I hope you are not tired of Covid Humor, this is compliments of Mike Pinch
 
From those still self-quarantining:

- I’m having a quarantine party this weekend! None of you are invited.
  
- All these people are worrying about a baby boom in the next nine months. Two days of homeschooling should nip that right in the bud!
 
- Now, when I’m watching any TV show or movie, all I can think about is how everyone is standing WAY too close together.
 
- I used to spin that toilet paper like I was on Wheel of Fortune. Now, I turn it like I’m cracking a safe!
 
- Quarantine Day 16. I’ve started taking calls from telemarketers. Some of them are actually quite nice. Jamar from Superior Life Insurance has a new baby.
 
- Grocery shopping has become a real life version of Pac-Man. Avoid everyone, get the fruit, and take any route possible to avoid conflict.
 
- My wife and I play this fun game during quarantine. It’s called, “Why Are You Doing It That Way?” There are no winners.

- When we come out of this and I ask you where you want to eat, I do NOT want to hear, “I don’t know.” YOU HAD 45 DAYS!

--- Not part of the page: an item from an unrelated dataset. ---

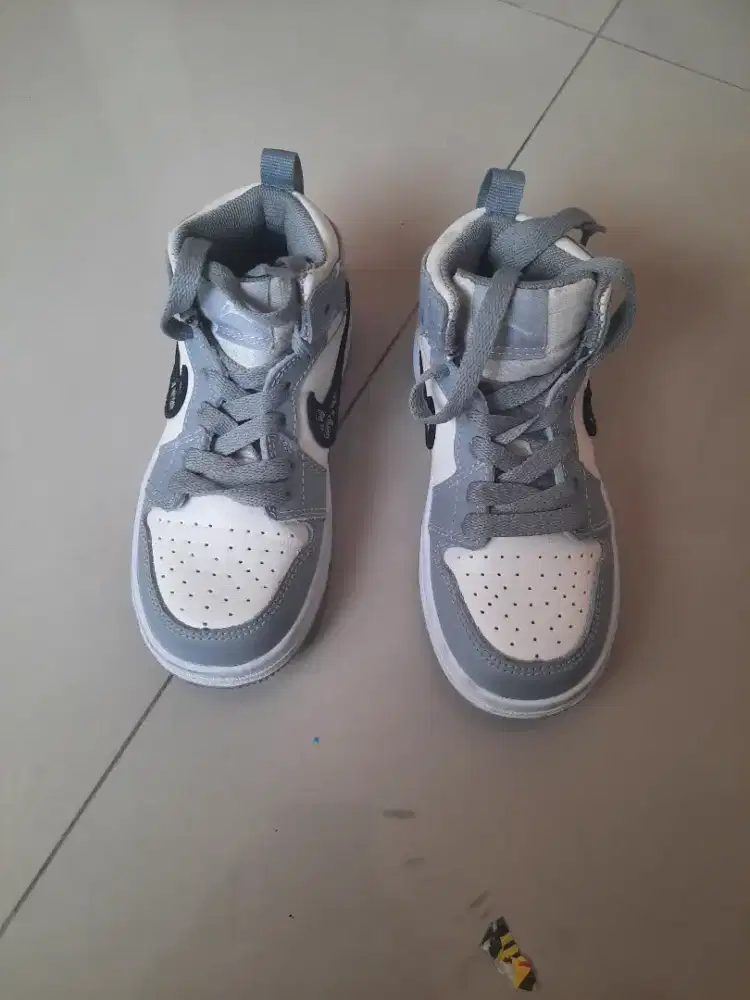 Sepatu nike edisi kekecilan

- Just bought six pounds of cheese. Won’t need toilet paper now.

- My car probably thinks I died.

- If your parents are over 60 and want to go out ... FORBID THEM! If they complain and say, “But everyone else is doing it”, tell them, “You’re not everyone.” IT’S PAYBACK TIME!

- If you believe that the Canucks will be playing hockey in two weeks, raise your right hand. Now slap yourself with it.

- Anyone else getting a tan from the light in your refrigerator?
 

-I just got pulled over by the cops. He said, “I smell alcohol. ”I said, “That’s because you are not respecting social distancing.”